Dunne Speaks - 1 October 2013 - Resource management issues
Dunne Speaks
Monday, 30 September 2013
1 October 2013
Resource management issues are very prominent on the current political agenda, and reveal a great deal about the National Party’s attitude to the environment.
Over recent years, the debate about sustainable development has been assumed to have settled into a largely unarguable space. Economic development that does not deplete non-renewable resources or otherwise have adverse environmental impacts has become almost a given, and, as a consequence, New Zealand has been quite happy to bask in the self-awarded title of 100% Pure.
But recent moves by the National Party suggest that broad consensus of the last two decades in no longer that given, and faces strong challenges.
It is not just the Ruataniwha Dam issue, or the proposed changes to the principles of the Resource Management Act, or even allowing prospecting for precious metals on certain conservation lands, although these are all important individual issues. Rather, it is the emerging philosophy behind them that is the real concern.

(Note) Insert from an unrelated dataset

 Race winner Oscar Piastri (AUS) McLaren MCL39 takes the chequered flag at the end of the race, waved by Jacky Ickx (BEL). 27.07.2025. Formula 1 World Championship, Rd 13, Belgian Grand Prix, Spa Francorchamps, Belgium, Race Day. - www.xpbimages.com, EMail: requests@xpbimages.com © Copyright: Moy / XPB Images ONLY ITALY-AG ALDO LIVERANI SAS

There are legitimate gripes about the application of certain aspects of environment law which National has clearly tired of trying to rectify. So, instead, it is trying to shift fundamentally the focus of the debate. No longer, according to National, is it to be about sustainability, but rather about the balance between the environment and development. In other words, instead of being the platform on which economic decisions are made, the environment will become just one more factor to be taken into account.
National justifies this shift on its “unyielding” focus on jobs, which many will regard as positive. However, that contains echoes of an eerie throw back to the Muldoon Government’s “Think Big” policy of the late 1970s, sold on the basis of “410,000 jobs for your children and your children’s children”. That mantra became an excuse for some of the most Draconian development legislation we have ever seen – like the infamous National Development Act.
In the event, very few of the jobs materialised, and we ended up with a massive debt burden we have struggled to pay off over subsequent decades.
So when I hear of projects like Ruataniwha being justified primarily on the basis of the jobs to be created; or Resource Management Act changes being needed to make it easier to build cheaper houses, I become deeply suspicious at the simplicity of the argument. It is beginning to sound like footsteps down a pathway we have travelled once before.
The Resource Management Act was born out of the development excesses of the late 1970s and early 1980s. While it has generally done its job well over the years, its processes are not inviolate and do need to be refreshed and updated from time to time. But its principles are our safeguard against over-zealous governments mortgaging our environment to the future, and should therefore be left to lie.